Choose an exercise like weighted step ups to incorporate more muscle groups.
The No Squat Leg Routine
Below I’ve detailed a fairly thorough leg workout for someone that wants to avoid squatting for back pain, or to avoid back injury. There’s a little bit of low risk back training in there, which should already be part of your rehab. Again, if your knees are more of the problem, this is not for you. You’re not really going to be able to replace squats.
If you’re avoiding squats just because you hate them as a movement and only care about growing your chicken legs, this will work too.

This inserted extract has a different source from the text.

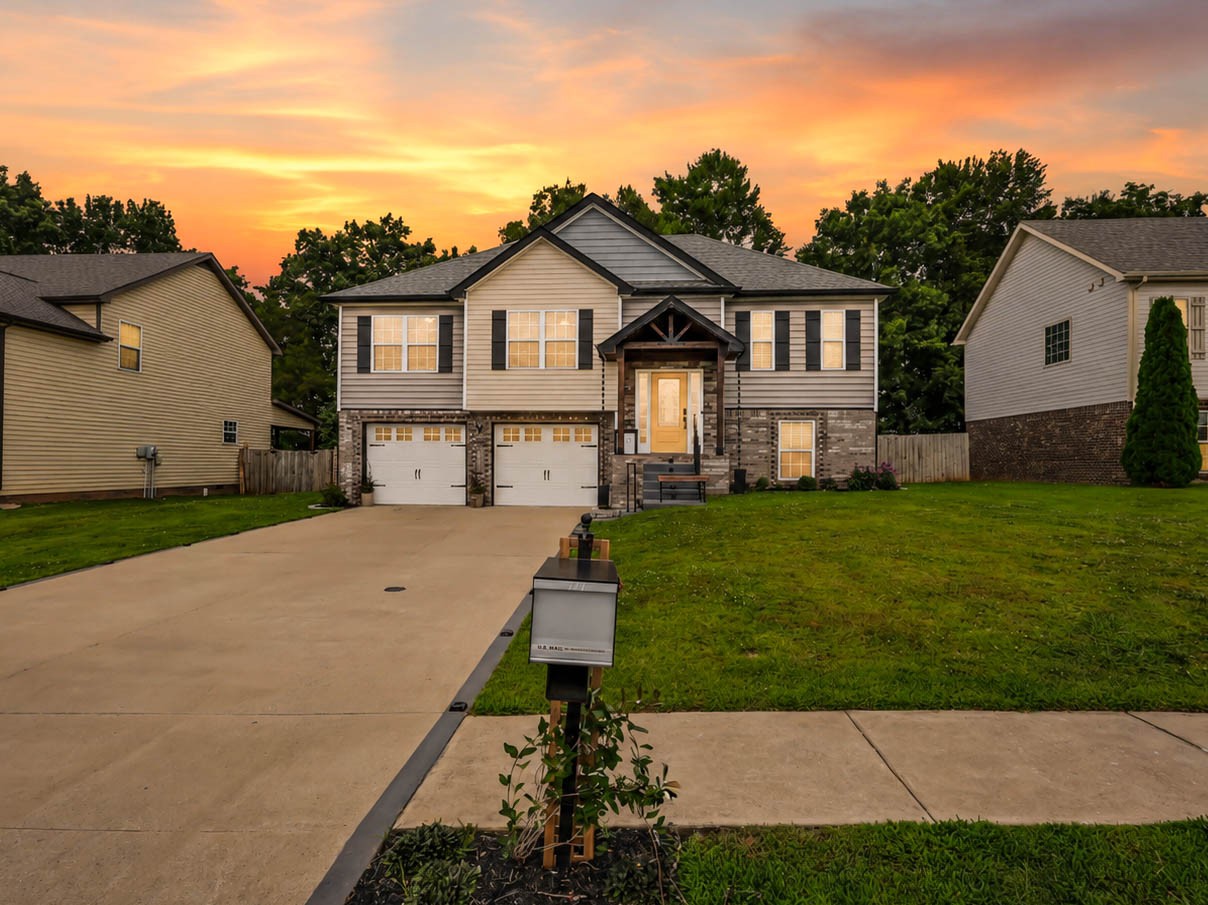 777 Banister Dr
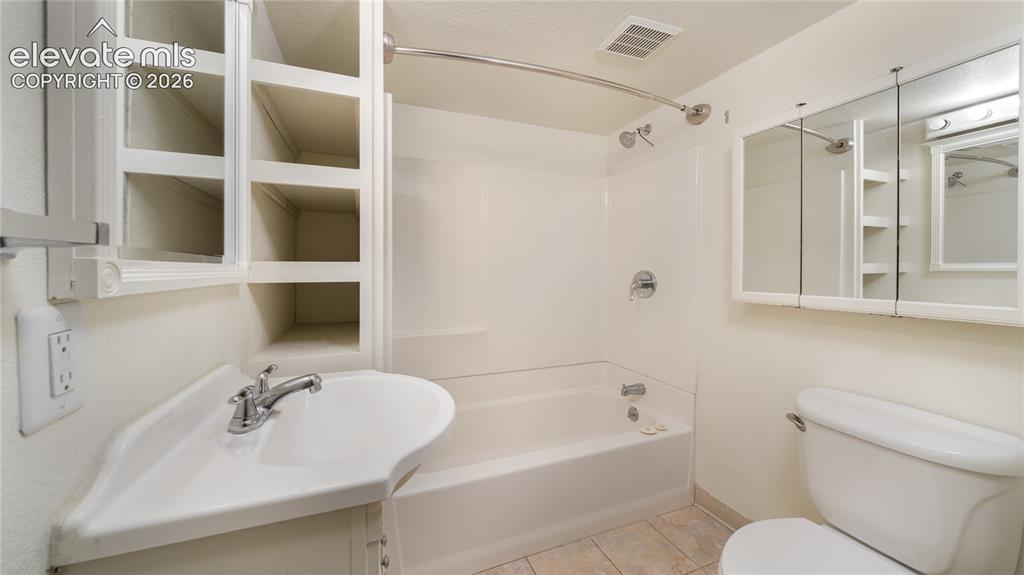 Image 7 of 10: Bathroom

- Dumbbell Walking Lunges – 3 sets, 10 on each leg
Note: This is the focal point of the workout. Go hard here if you really want to make up for lack of squats. However, we’re not going to mess with low reps. Even lunges can hurt your back if you go too heavy.
- Prone Leg Curls – 3 sets, 10 reps
Note: There are only a few good hamstring exercises that don’t hit your back. While I normal avoid machines, this is your best option.
- Sled Push – 3 sets of 100 feet
Note: If you don’t have a sled at your gym, skip this one. However, sled pushes are a fantastic conditioning exercise. Adjust the distance based on your fitness level. Since there are no weights to drop, you can go to you can’t push another inch.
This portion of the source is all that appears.